Certain of these subsidiaries are located outside India whose financial statements and other financial information have been prepared in accordance with accounting principles generally accepted in their respective countries and which have been audited by other auditors under generally accepted auditing standards applicable in their respective countries. The Company’s management has converted the financial statements of such subsidiaries located outside India from accounting principles generally accepted in their respective countries to accounting principles generally accepted in India. We have audited these conversion adjustments made by the Company’s management. Our opinion in so far as it relates to the balances and affairs of such subsidiaries located outside India is based on the report of other auditors and the conversion adjustments prepared by the management of the Company and audited by us.

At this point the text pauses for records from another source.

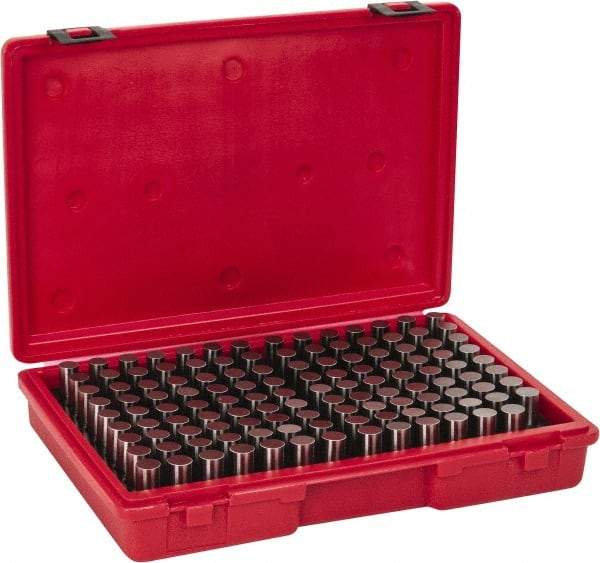 Value Collection - 125 Piece, 0.626-0.75 Inch Diameter Plug and Pin Gage Set - Plus 0.0002 Inch Tolerance, Class ZZ - Apex Tool & Supply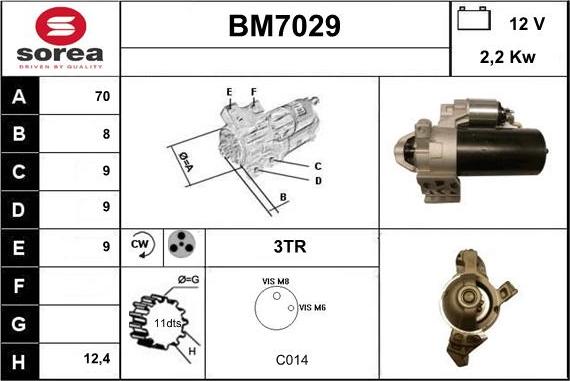 Sera BM7029 - Стартер unicars.by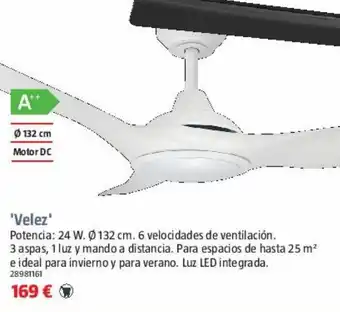 Bauhaus Ventilador de techo velez oferta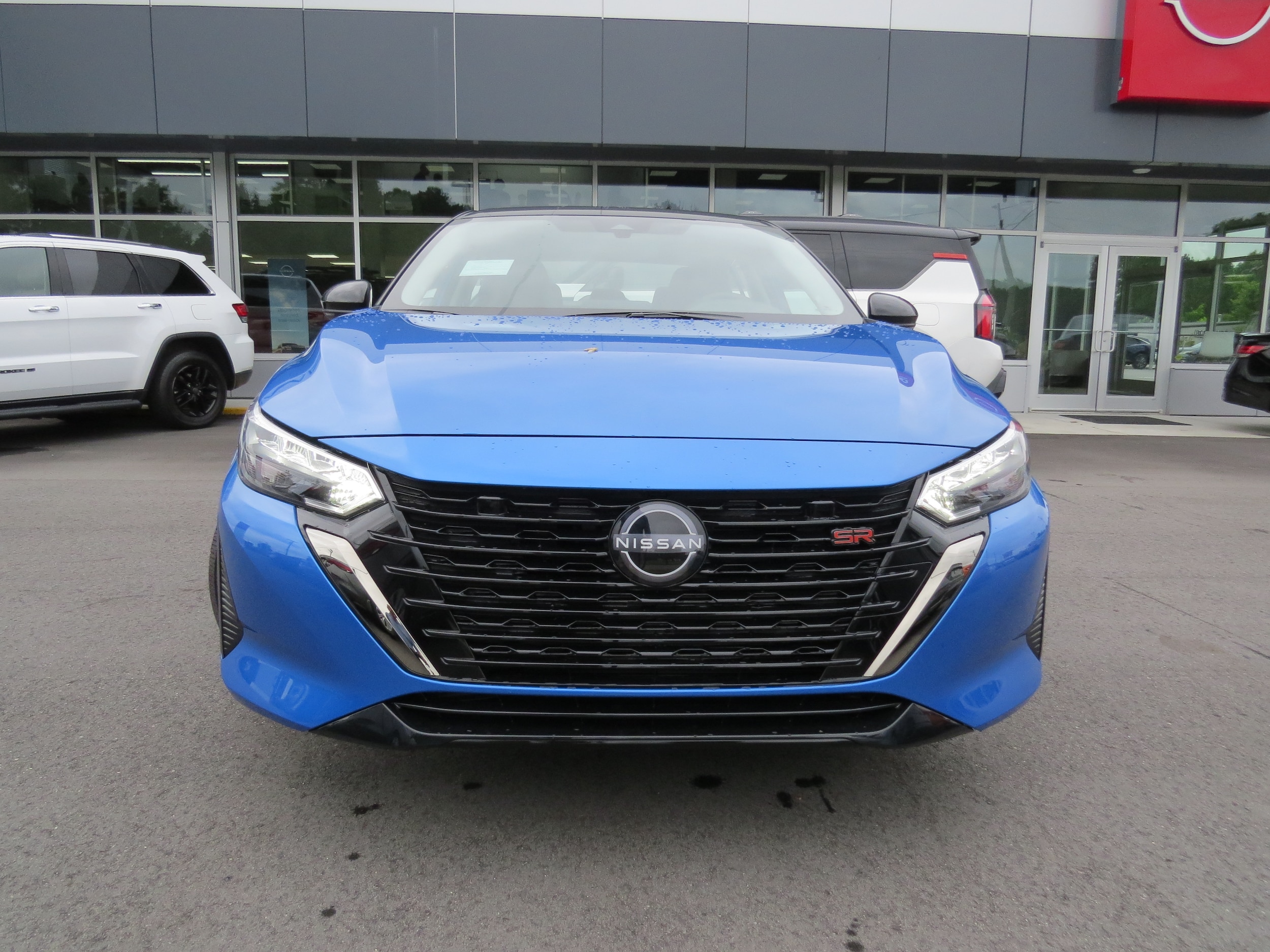 2025 Nissan Sentra SR Electric Blue/Super Black at Griffin Nissan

Our opinion on the consolidated annual financial results is not modified in respect of the above matters with respect to our reliance on the work done and the reports of the other auditors and the financial results certified by the Board of Directors. (b) The consolidated annual financial results include the results for the quarter ended 31 March 2020

being the balancing figure between the audited figures in respect of the full financial year and the published unaudited year to date figures up to the third quarter of the current financial year which were subject to limited review by us.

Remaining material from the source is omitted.